• What is required:
Print the records below exactly, omitting all pictures.

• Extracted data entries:
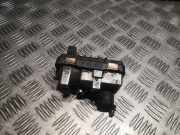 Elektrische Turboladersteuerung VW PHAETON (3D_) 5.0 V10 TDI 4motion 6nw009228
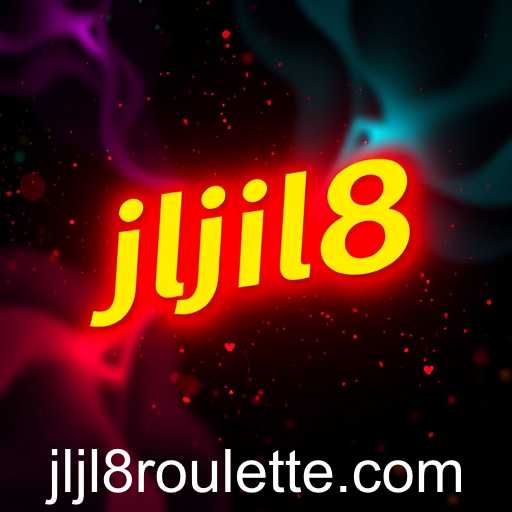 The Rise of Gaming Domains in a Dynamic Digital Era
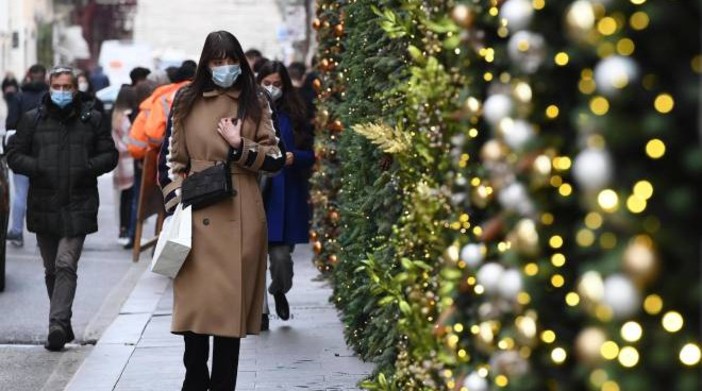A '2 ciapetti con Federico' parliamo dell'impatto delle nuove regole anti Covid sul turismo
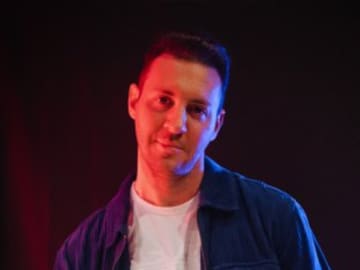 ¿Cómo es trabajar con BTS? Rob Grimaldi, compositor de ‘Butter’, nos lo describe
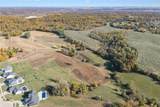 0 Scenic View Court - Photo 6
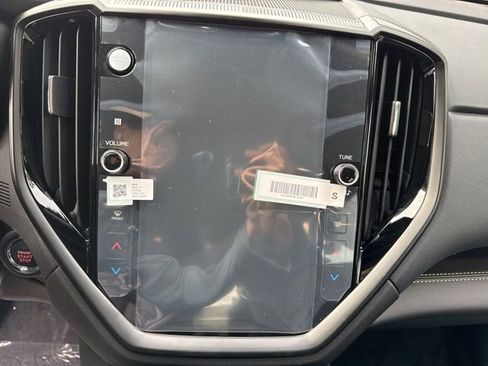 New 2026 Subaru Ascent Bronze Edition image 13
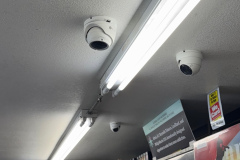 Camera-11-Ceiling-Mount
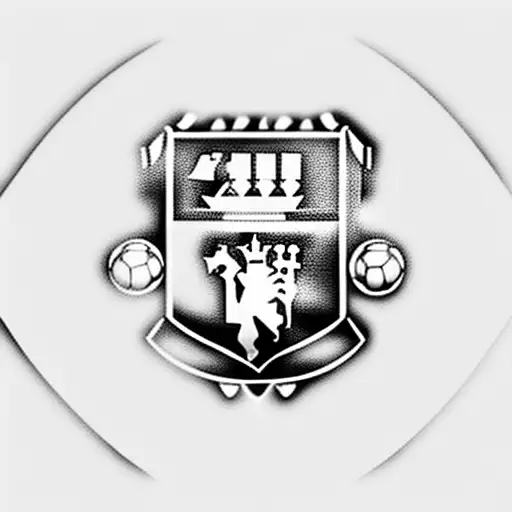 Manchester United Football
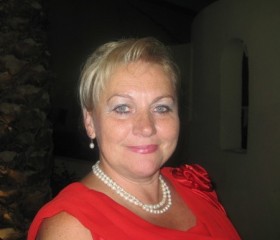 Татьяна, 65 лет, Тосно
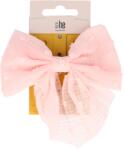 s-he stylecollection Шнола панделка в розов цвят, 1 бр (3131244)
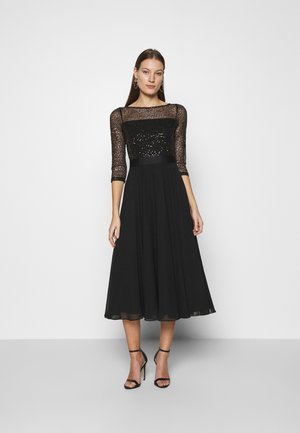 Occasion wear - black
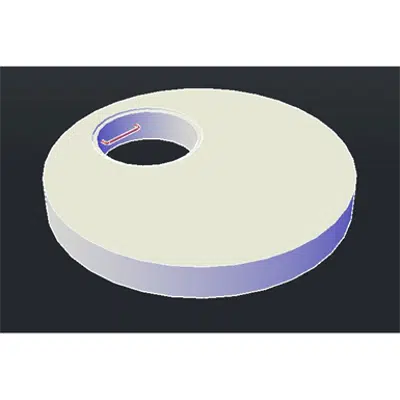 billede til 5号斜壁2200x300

• Result of the task:
 Elektrische Turboladersteuerung VW PHAETON (3D_) 5.0 V10 TDI 4motion 6nw009228
 The Rise of Gaming Domains in a Dynamic Digital Era
A '2 ciapetti con Federico' parliamo dell'impatto delle nuove regole anti Covid sul turismo
 ¿Cómo es trabajar con BTS? Rob Grimaldi, compositor de ‘Butter’, nos lo describe
 0 Scenic View Court - Photo 6
 New 2026 Subaru Ascent Bronze Edition image 13
 Camera-11-Ceiling-Mount
 Manchester United Football
 Татьяна, 65 лет, Тосно
 s-he stylecollection Шнола панделка в розов цвят, 1 бр (3131244)
 Occasion wear - black
 billede til 5号斜壁2200x300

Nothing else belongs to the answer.